Retirement Plus Plan
Retirement Plus Plan Definitions
- Annual salary
- This is your annual salary from your employer before taxes and other benefit deductions. Since your contribution and company match are based on the salary paid to you by your employer, do not include any income you may receive from sources other than your employer.
- Annual contribution limits
- The employer contribution for 2017 is limited to eligible compensation, up to a maximum of $54,000.
- Current age
- Your current age.
- Age of retirement
- Age you wish to retire. This calculator assumes that the year you retire, you do not make any contributions to your 401(k). So if you retire at age 65, your last contribution occurs when you are actually 64.
- Current RPP balance
- The starting balance or current amount you have invested or saved in your RPP.
- Annual rate of return
- The annual rate of return for your 401(k) account. This calculator assumes that your return is compounded annually and your deposits are made monthly. The actual rate of return is largely dependent on the types of investments you select. The Standard & Poor's 500® (S&P 500®) for the 10 years ending Dec. 1st, 2015, had an annual compounded rate of return of 7.76%, including reinvestment of dividends. From January 1970 through to Dec. 2015, the average annual compounded rate of return for the S&P 500®, including reinvestment of dividends, was approximately 10.5% (source: www.standardandpoors.com). Since 1970, the highest 12-month return was 61% (June 1982 through June 1983). The lowest 12-month return was -43% (March 2008 to March 2009). Savings accounts at a financial institution may pay as little as 0.25% or less but carry significantly lower risk of loss of principal balances.

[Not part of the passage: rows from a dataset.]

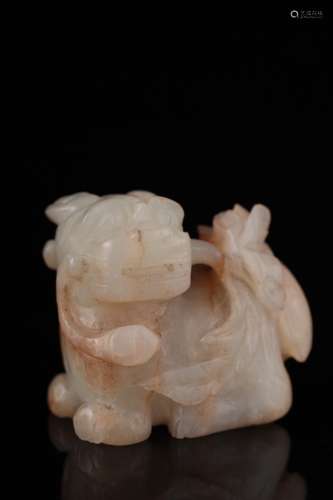 A pale celadon jade mythical beast, 17th century,
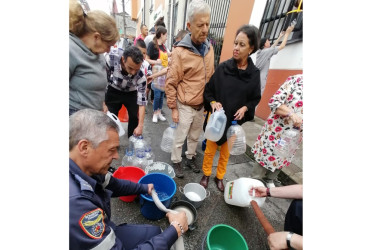 Habitantes del barrio Pinares del Río de Villamaría recolectan agua de un tanque de Bomberos.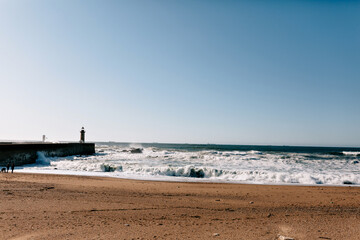 Sunny day on the ocean. Wide sandy beach with ocean waves and lighthouse. Portugal ocean. Spring day. Atlantic ocean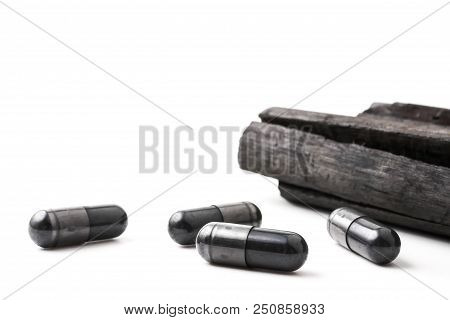 Charcoal (activated Carbon) In Capsules On White Background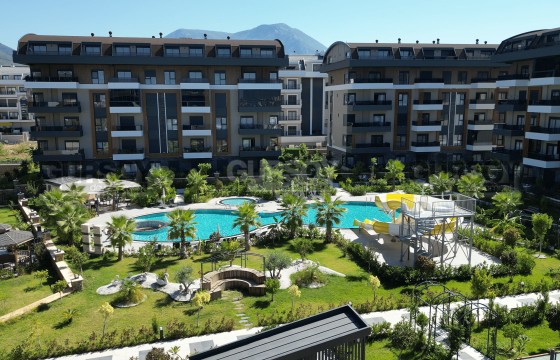 Современная квартира 1+1 в новом комплексе в районе Оба в Турции - фото 5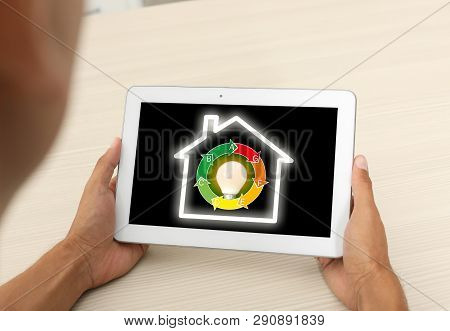 Man Using Tablet With Icon Of Energy Efficiency And Lamp Bulb On Screen At Table, Closeup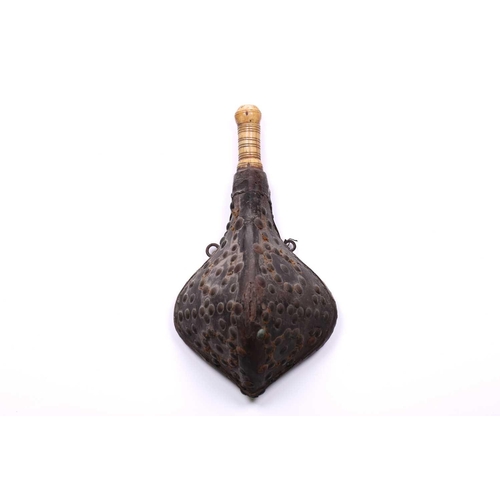 274 - A North African triangular section powder flask 18th/19th century, with studded hide body and turned... 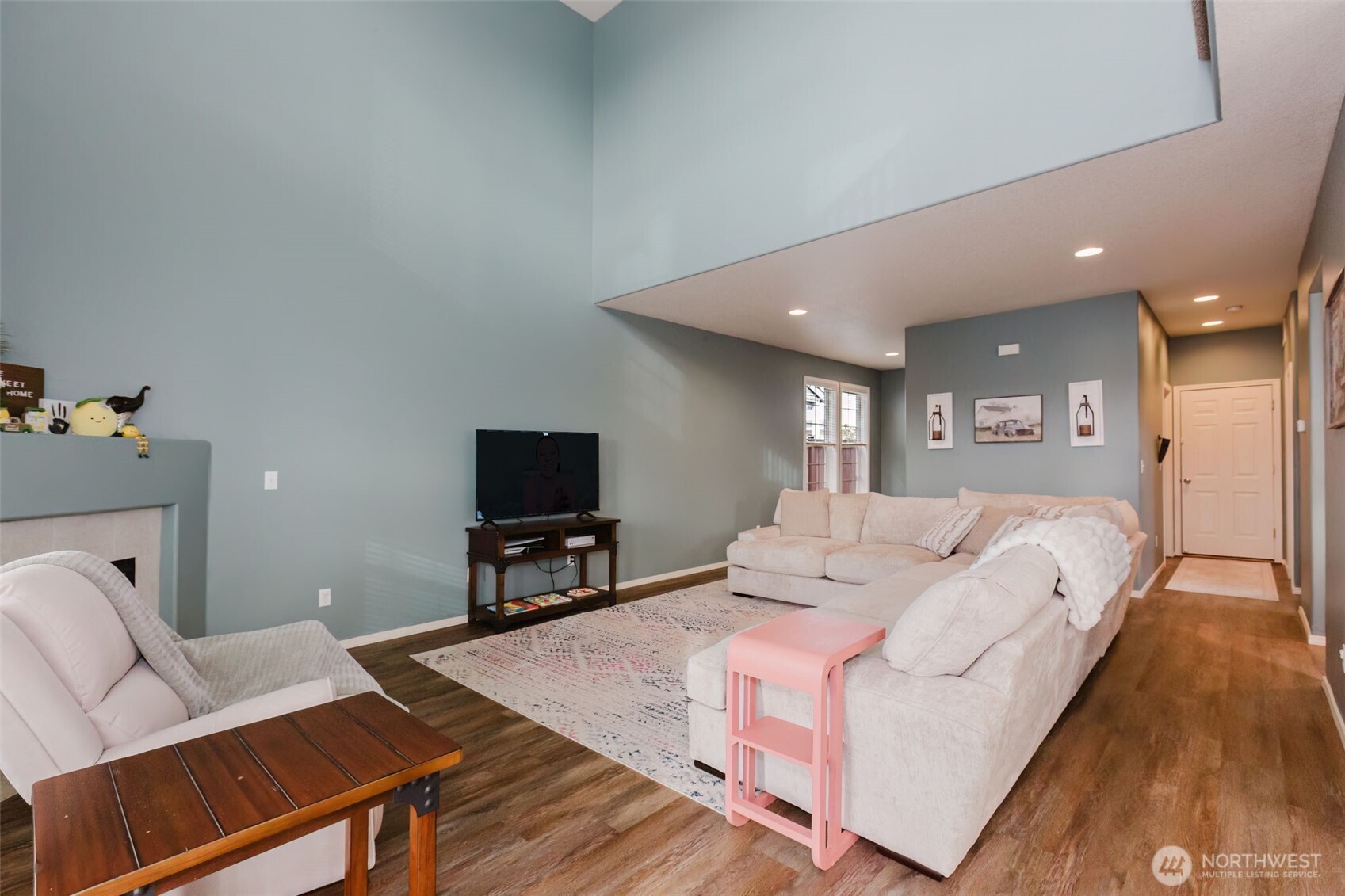 8324 Sweetbrier Loop Southeast Olympia, WA 98513 - Photo 5 of 39 a living room with furniture and a flat screen tv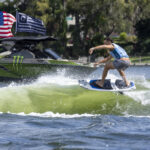 A person rides a wakesurf board on a wave created by a green boat with American flags and sponsor logos on a sunny day.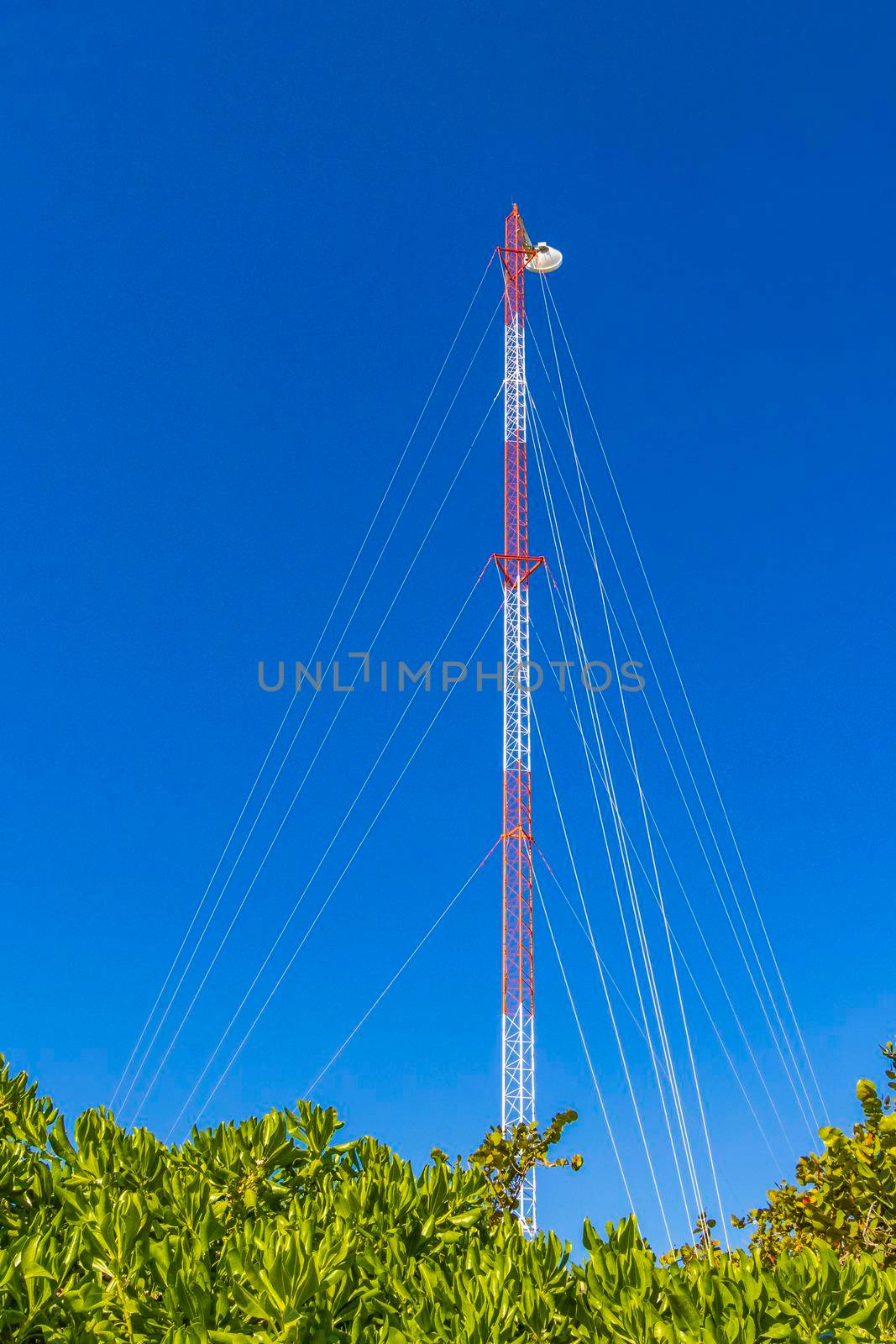 Red white 5G tower with blue sky background radiation kills us in Tulum in Mexico.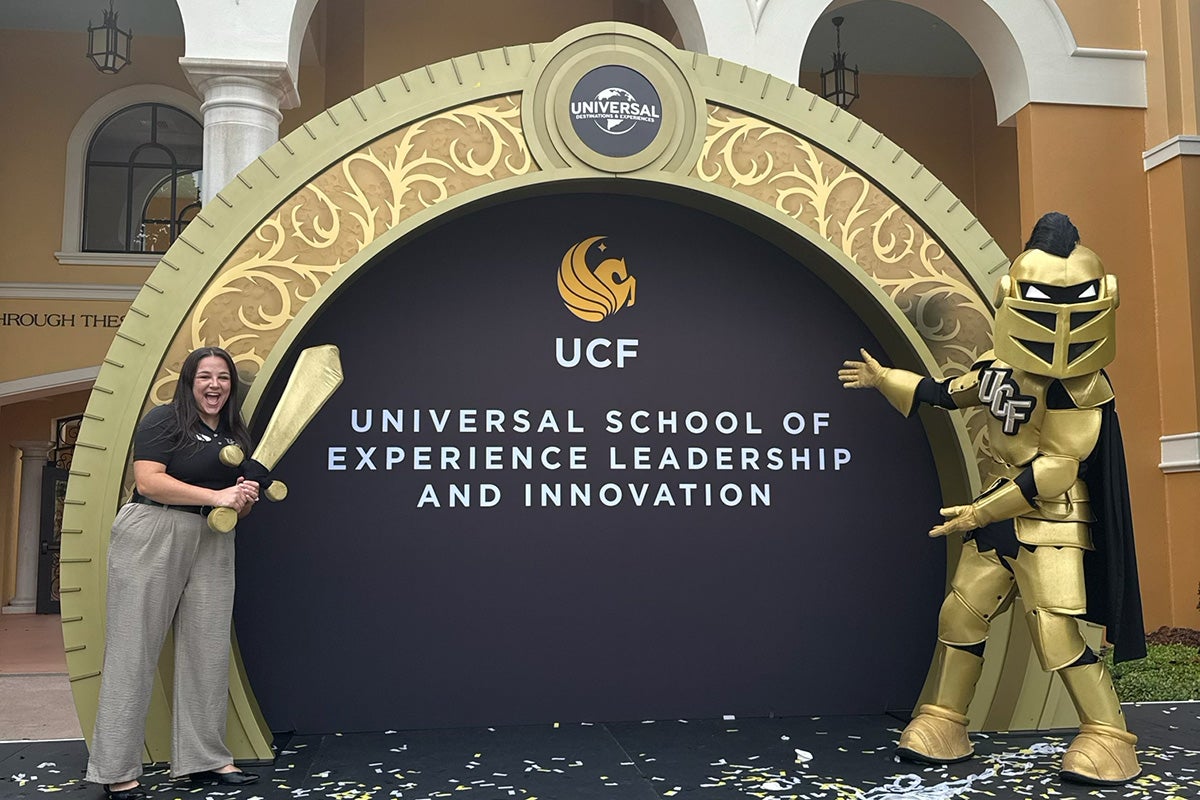 Brunette woman in black top and gray pants holds mascot sword on stage with Knightro flanking the other side of a gold semi-circle sign that reads UCF Universal School of Experience Leadership & Innovation 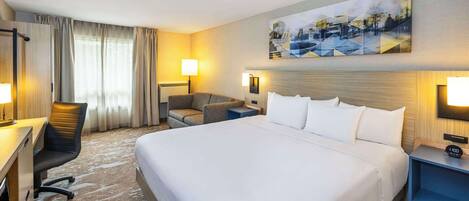 A hotel room with a large bed, a desk with a chair, a small table, and a painting on the wall.
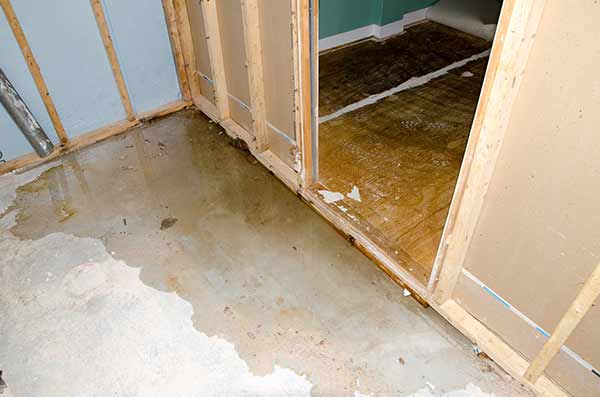Flood damage cleanup with industrial pumps and dehumidifiers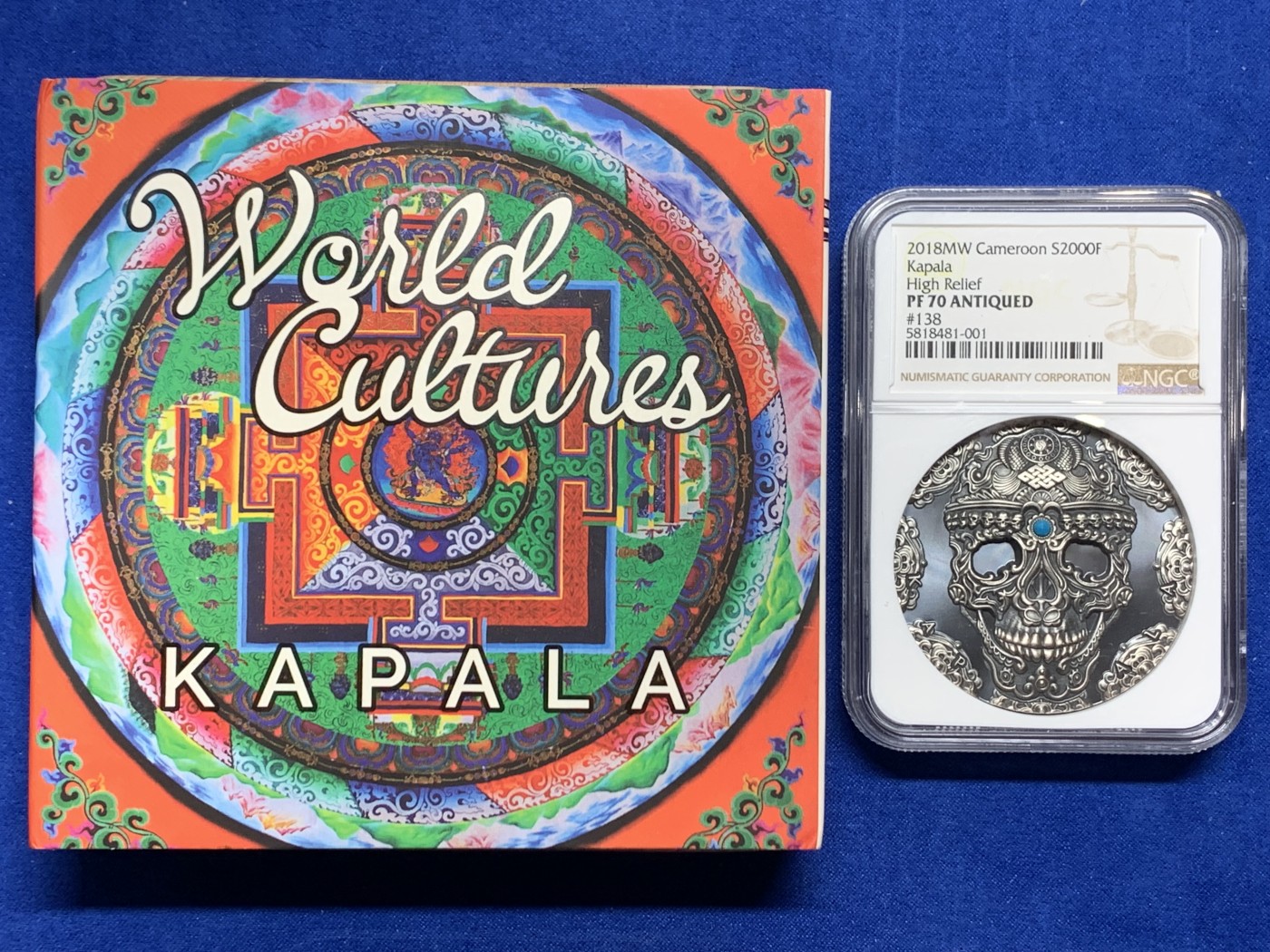 《竞宝斋》圣诞专辑  第二场  第228场 定制纪念章相赠 (全场顺丰包邮) NGC PF70 2018喀麦隆 世界文化系列 第一枚，卡帕拉头盖镶嵌绿松石 2盎司 银币 编号138  盒证齐全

It is important to remember that these scenarios are hypothetical and that future rates of return can't be predicted with certainty and that investments that pay higher rates of return are generally subject to higher risk and volatility. The actual rate of return on investments can vary widely over time, especially for long-term investments. This includes the potential loss of principal on your investment. It is not possible to invest directly in an index and the compounded rate of return noted above does not reflect sales charges and other fees that Separate Account investment funds and/or investment companies may charge.
- Annual salary increase
- The annual percentage you expect your salary to increase. We assume that your salary will continue to increase at this rate until you retire.
- Employer RPP contribution
- This is the percent of your salary contributed by your employer on your behalf. For example, if you have an annual salary of $25,000 and the employer contribution is 3%, your employer will contribute $750 to your RPP account.